What you should do: What you return must match the data below exactly, minus any pictures.

Dataset extract:
--- START ---
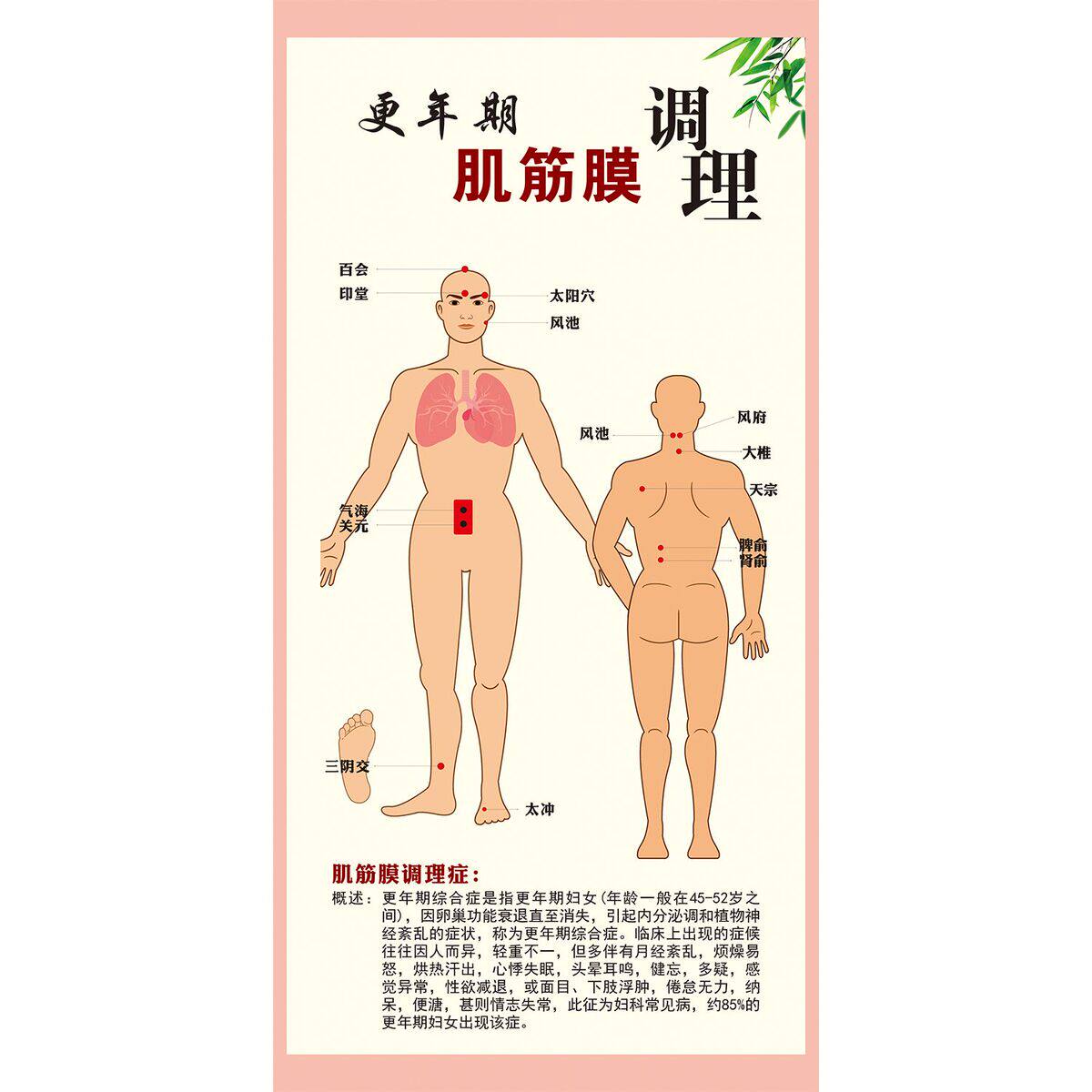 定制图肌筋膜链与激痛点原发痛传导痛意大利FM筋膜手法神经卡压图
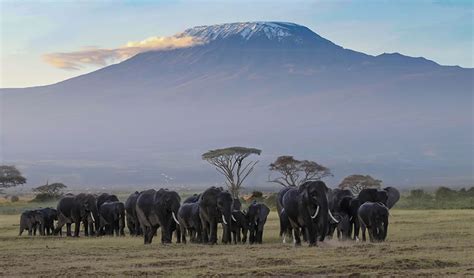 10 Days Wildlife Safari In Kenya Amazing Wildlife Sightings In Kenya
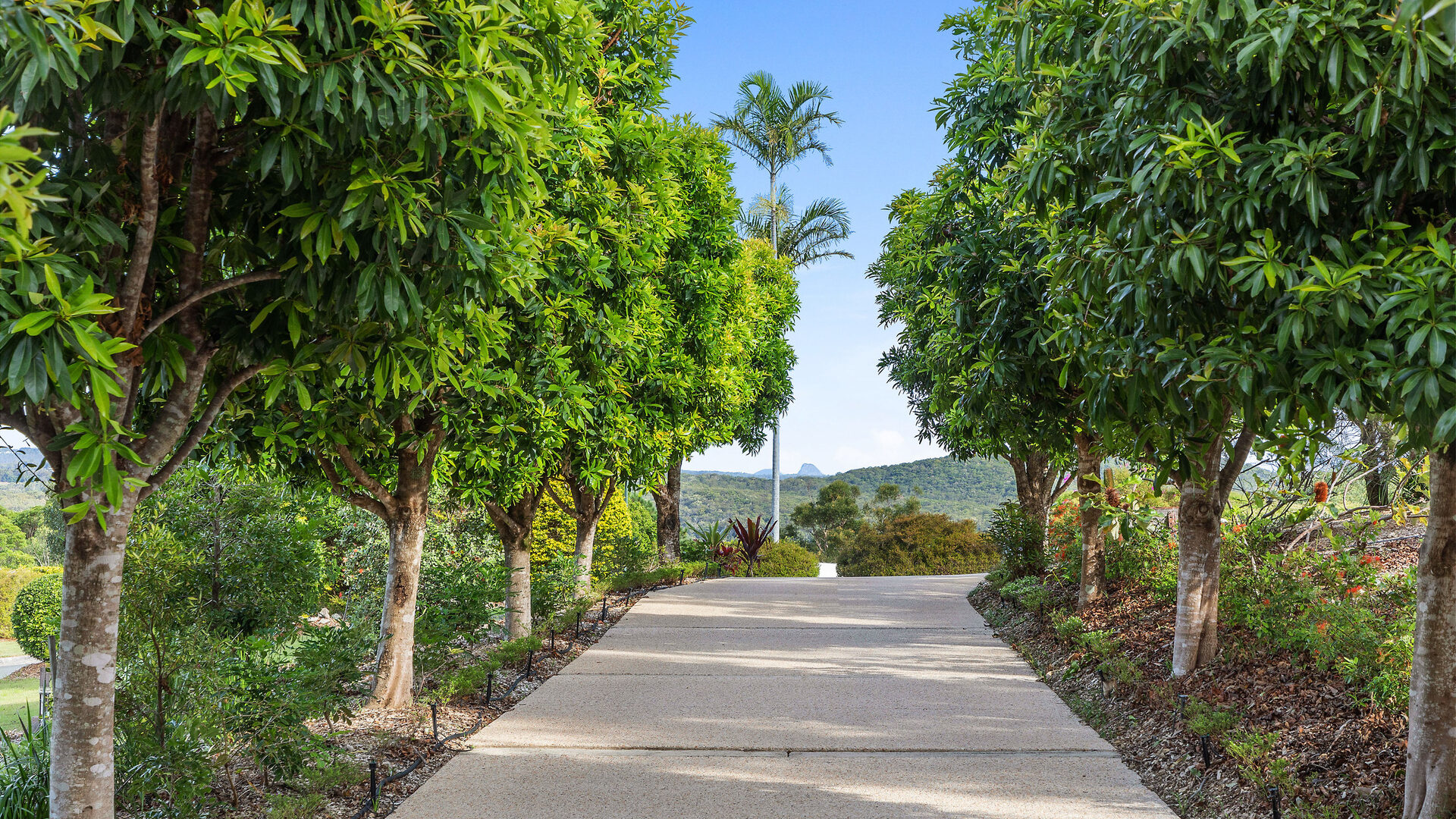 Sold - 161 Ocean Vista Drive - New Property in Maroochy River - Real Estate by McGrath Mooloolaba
--- END ---
Answer below:
 定制图肌筋膜链与激痛点原发痛传导痛意大利FM筋膜手法神经卡压图
 10 Days Wildlife Safari In Kenya Amazing Wildlife Sightings In Kenya
 Sold - 161 Ocean Vista Drive - New Property in Maroochy River - Real Estate by McGrath Mooloolaba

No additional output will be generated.